Normal for Syrian refugees to want choice of housing, says parliamentary secretary
Arif Virani says they want to match what refugees are interested in to what's available
After an Ottawa settlement agency raised concerns about Syrian refugees turning down housing over its location, the parliamentary secretary for Canada's immigration minister says that's a normal request for immigrants.
Carl Nicholson, the executive director of the Catholic Centre for Immigrants, said Thursday that some government-sponsored refugees are turning down the housing options they're offered because they want to be closer to people they know, near mosques or away from areas where they've heard gang activity exists.
Nicholson said the requests are causing complications in the settlement process and are slowing down their efforts to resettle hundreds of people.
- Some refugees turning down housing options in Ottawa, centre says
- Government-assisted refugee arrivals paused to deal with Ottawa housing shortage
On Friday, the parliamentary secretary to Minister of Immigration, Refugees and Citizenship John McCallum said this isn't a new dynamic.

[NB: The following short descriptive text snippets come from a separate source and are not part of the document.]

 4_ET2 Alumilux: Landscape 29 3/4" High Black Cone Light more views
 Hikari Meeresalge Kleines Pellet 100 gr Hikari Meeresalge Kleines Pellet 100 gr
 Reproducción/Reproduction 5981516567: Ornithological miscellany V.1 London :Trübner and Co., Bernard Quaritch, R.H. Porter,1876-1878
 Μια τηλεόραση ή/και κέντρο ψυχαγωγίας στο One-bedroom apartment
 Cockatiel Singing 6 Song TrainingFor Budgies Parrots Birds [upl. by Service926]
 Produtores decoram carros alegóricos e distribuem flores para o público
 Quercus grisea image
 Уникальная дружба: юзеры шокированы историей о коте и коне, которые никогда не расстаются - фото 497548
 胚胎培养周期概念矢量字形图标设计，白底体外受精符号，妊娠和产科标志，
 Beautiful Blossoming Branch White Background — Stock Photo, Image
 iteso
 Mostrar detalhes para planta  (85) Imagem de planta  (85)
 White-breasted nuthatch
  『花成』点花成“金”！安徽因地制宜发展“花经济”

"People wanting to be closer to a place of worship is indifferent from most other groups that would like to be close to people that might speak their language or practice the same religion as them," said Arif Virani, MP for Parkdale-High Park.
"That's normal. That's a historic feature of immigration patterns. We're rising to those challenges."
33 of 36 centres working well
Virani said settlement is working well in most communities.
"People are expressing their interest and it's constantly an issue about matching people's interest with what's available," he said.
"Obviously we want to make sure the flow of newcomers continues. And it is continuing, but it's also important for people [to] know that while we have experienced some hurdles in places like Toronto, Ottawa and Vancouver, there are 33 out of the 36 welcoming centres across this country that are receiving people adequately, settling them quickly and finding housing for them quickly."
Nicholson said Thursday that Ottawa settlement agencies are expecting 500 more refugees fleeing the lengthy civil war in Syria to arrive by the end of February, and those agencies don't see more affordable housing coming on the market.
In mid-January, the centre asked for and received a temporary slowdown on receiving new Syrian refugees because it had filled all 450 of its temporary housing spots.